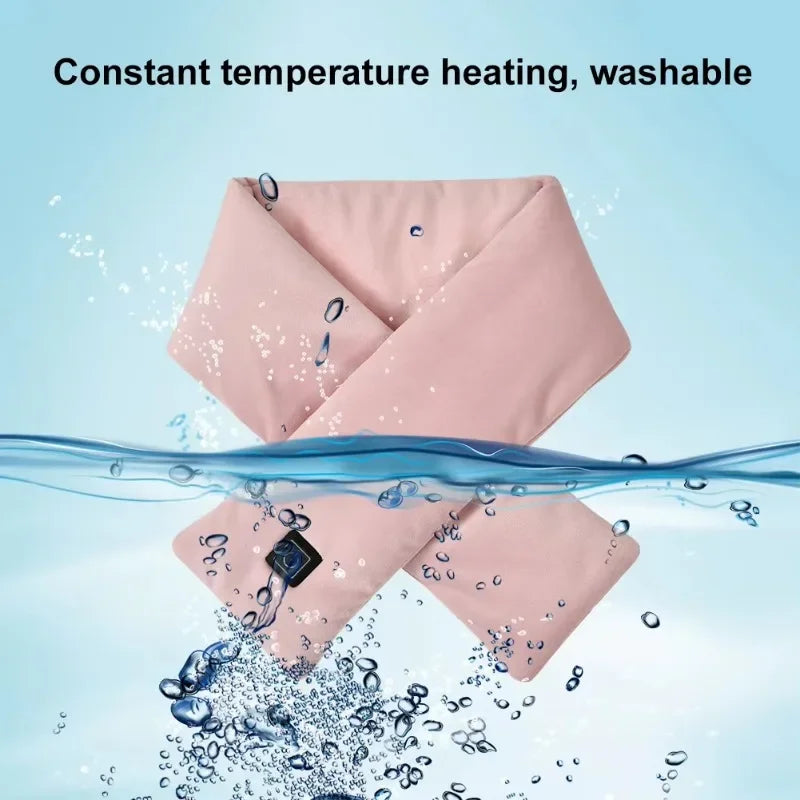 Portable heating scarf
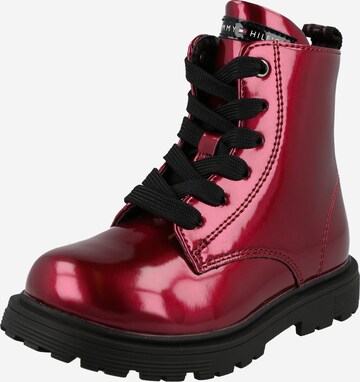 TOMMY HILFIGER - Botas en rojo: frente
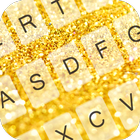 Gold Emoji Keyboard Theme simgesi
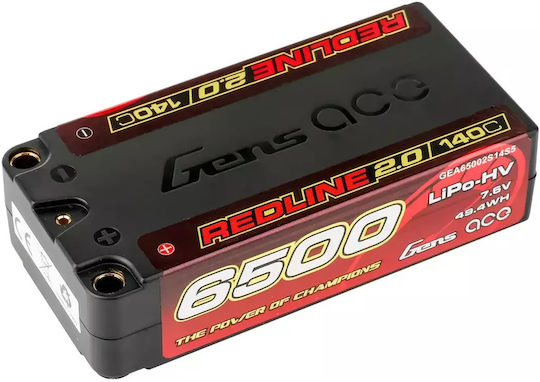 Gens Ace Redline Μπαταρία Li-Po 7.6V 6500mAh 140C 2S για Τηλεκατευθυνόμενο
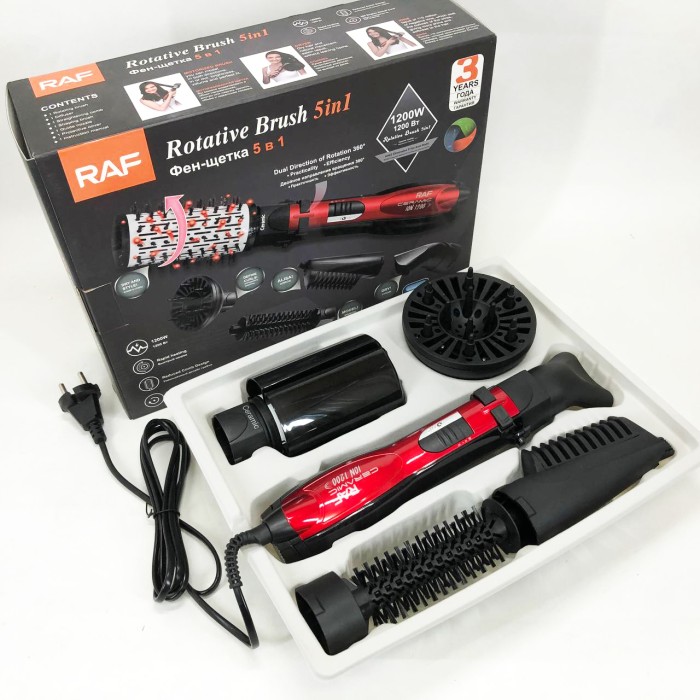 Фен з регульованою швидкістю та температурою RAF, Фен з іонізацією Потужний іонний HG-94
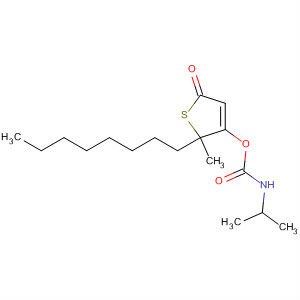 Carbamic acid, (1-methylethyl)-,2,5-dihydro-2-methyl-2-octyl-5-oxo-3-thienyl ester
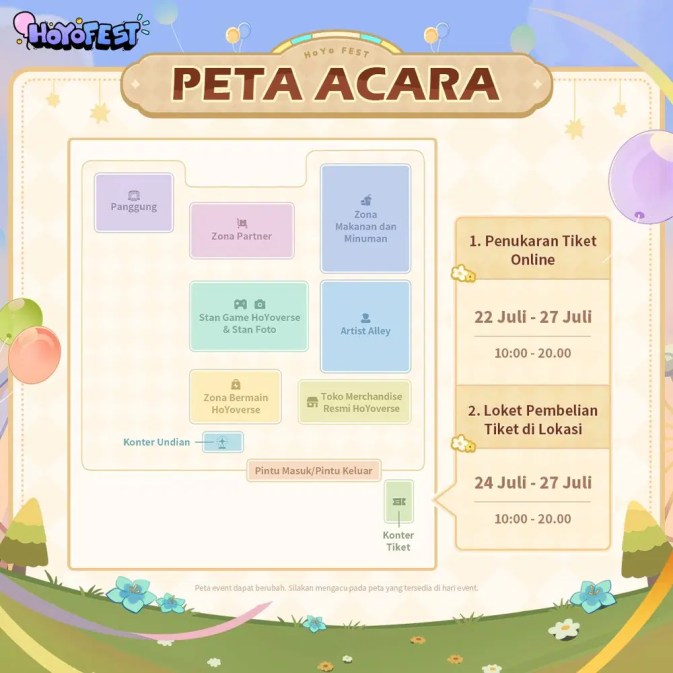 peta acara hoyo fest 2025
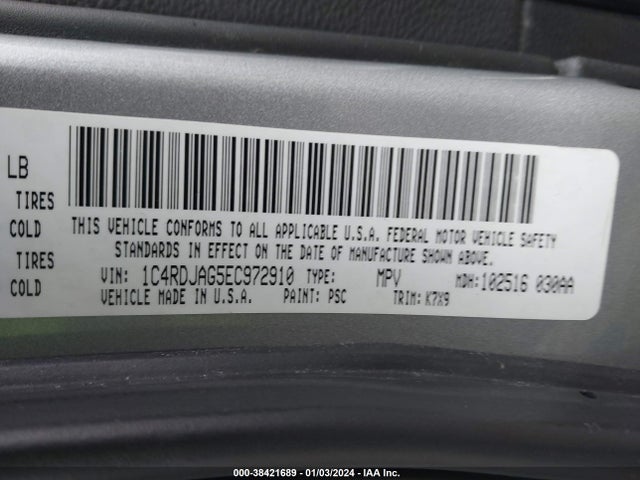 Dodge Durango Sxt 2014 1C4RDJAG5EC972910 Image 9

---------------

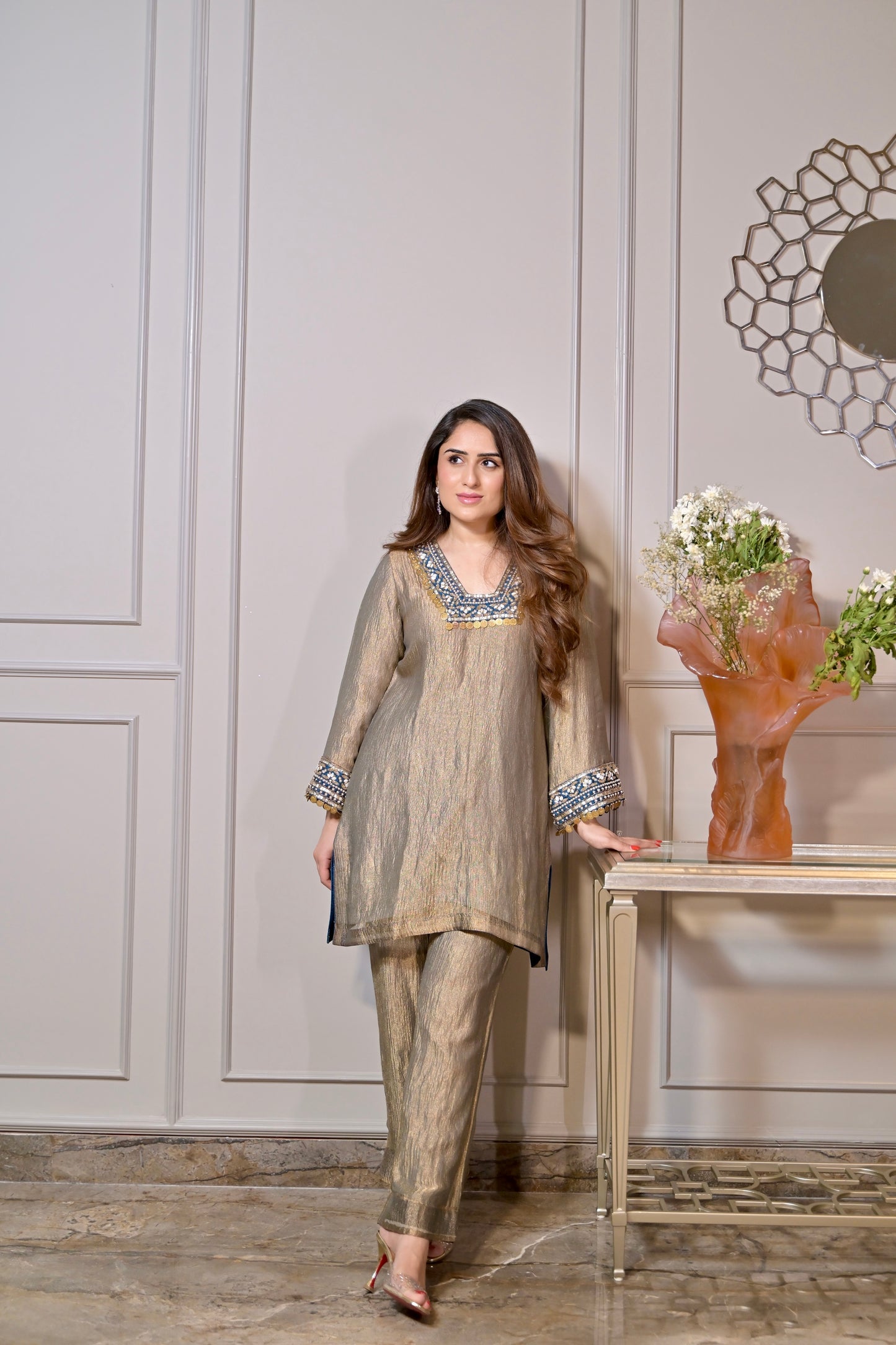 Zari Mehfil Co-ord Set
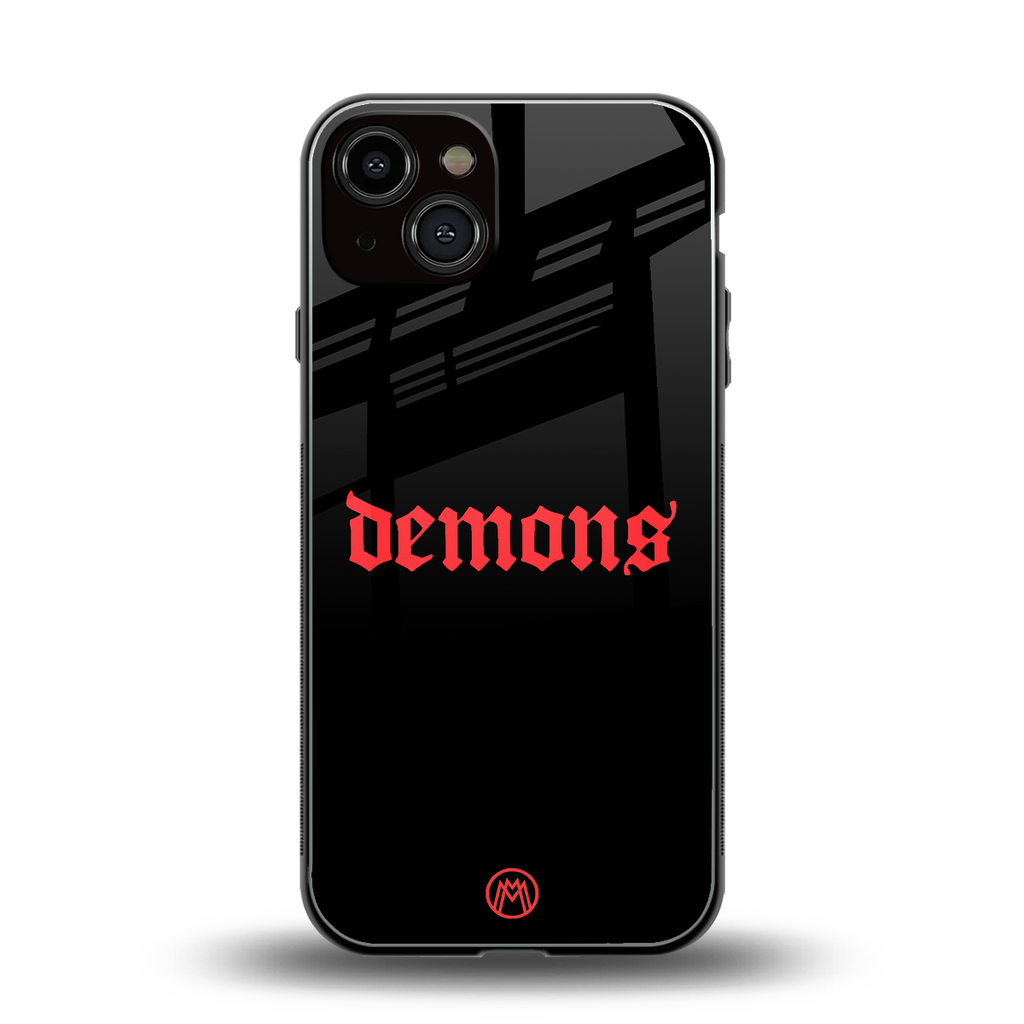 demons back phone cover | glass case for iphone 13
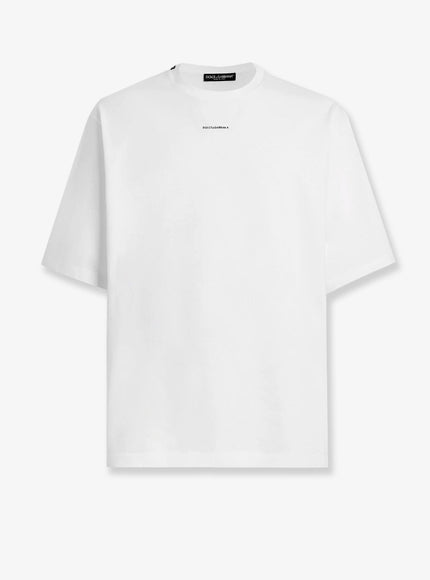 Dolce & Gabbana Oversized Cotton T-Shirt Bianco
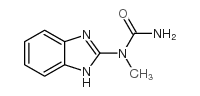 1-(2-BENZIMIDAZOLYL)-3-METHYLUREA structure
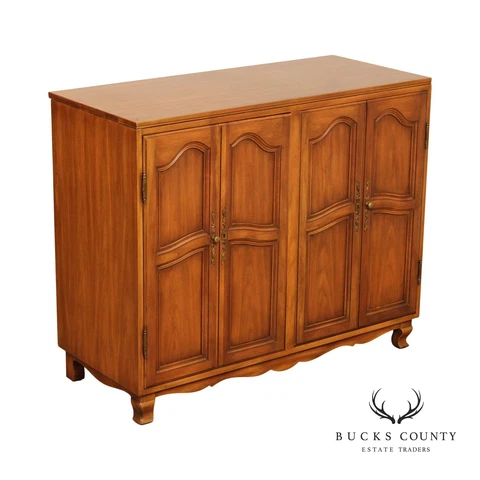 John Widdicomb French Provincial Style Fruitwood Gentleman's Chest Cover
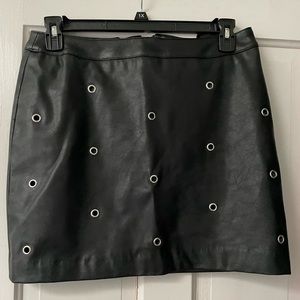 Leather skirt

---------------

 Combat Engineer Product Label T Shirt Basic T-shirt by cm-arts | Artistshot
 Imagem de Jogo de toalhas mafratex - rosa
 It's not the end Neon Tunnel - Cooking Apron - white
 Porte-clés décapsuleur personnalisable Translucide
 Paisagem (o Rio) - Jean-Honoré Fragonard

---------------

● WHAT IS REQUIRED: Using the entries above, transcribe exactly from the line that has "Gens Ace Redline" through the line that has "Dodge Durango Sxt". Pictures are dropped.

● ANSWER BOX:
 Gens Ace Redline Μπαταρία Li-Po 7.6V 6500mAh 140C 2S για Τηλεκατευθυνόμενο
 Фен з регульованою швидкістю та температурою RAF, Фен з іонізацією Потужний іонний HG-94
 Carbamic acid, (1-methylethyl)-,2,5-dihydro-2-methyl-2-octyl-5-oxo-3-thienyl ester
 peta acara hoyo fest 2025
 Dodge Durango Sxt 2014 1C4RDJAG5EC972910 Image 9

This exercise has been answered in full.